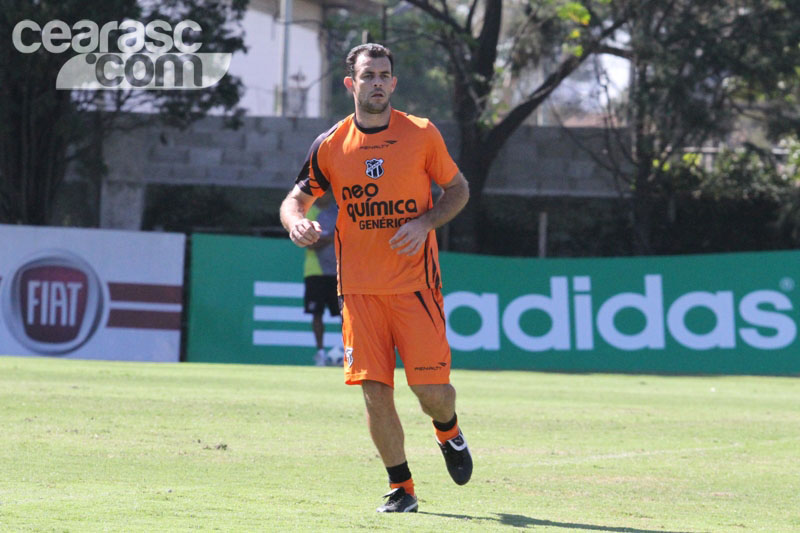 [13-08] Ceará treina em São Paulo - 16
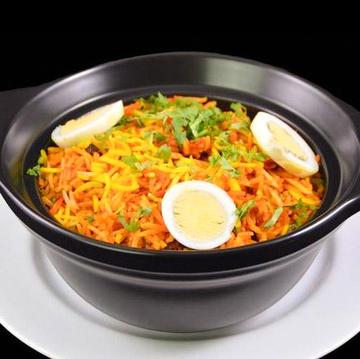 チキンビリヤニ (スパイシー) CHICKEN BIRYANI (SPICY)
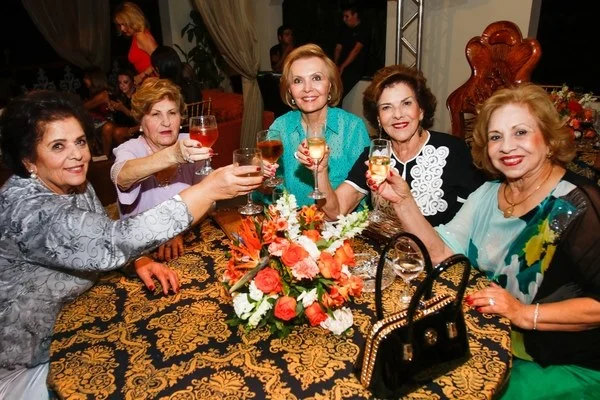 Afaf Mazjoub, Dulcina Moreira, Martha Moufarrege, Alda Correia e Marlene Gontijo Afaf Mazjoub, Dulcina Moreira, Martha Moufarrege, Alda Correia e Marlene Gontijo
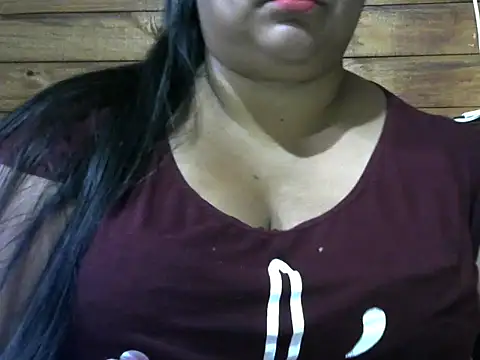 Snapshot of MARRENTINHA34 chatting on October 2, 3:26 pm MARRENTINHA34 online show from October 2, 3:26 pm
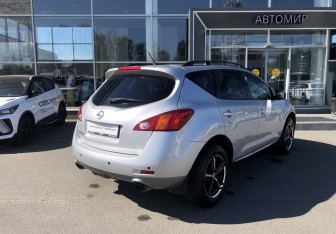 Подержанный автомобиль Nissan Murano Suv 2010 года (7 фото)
###
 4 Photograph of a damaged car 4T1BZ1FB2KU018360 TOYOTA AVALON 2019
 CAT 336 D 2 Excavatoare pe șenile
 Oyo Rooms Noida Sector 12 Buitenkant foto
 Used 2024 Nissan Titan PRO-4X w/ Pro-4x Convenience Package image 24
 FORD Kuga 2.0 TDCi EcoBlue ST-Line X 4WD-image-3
###
- [Work request]
Copy out every line of the material above that mentions the word "image".

- [Result of this task]
 Used 2024 Nissan Titan PRO-4X w/ Pro-4x Convenience Package image 24
 FORD Kuga 2.0 TDCi EcoBlue ST-Line X 4WD-image-3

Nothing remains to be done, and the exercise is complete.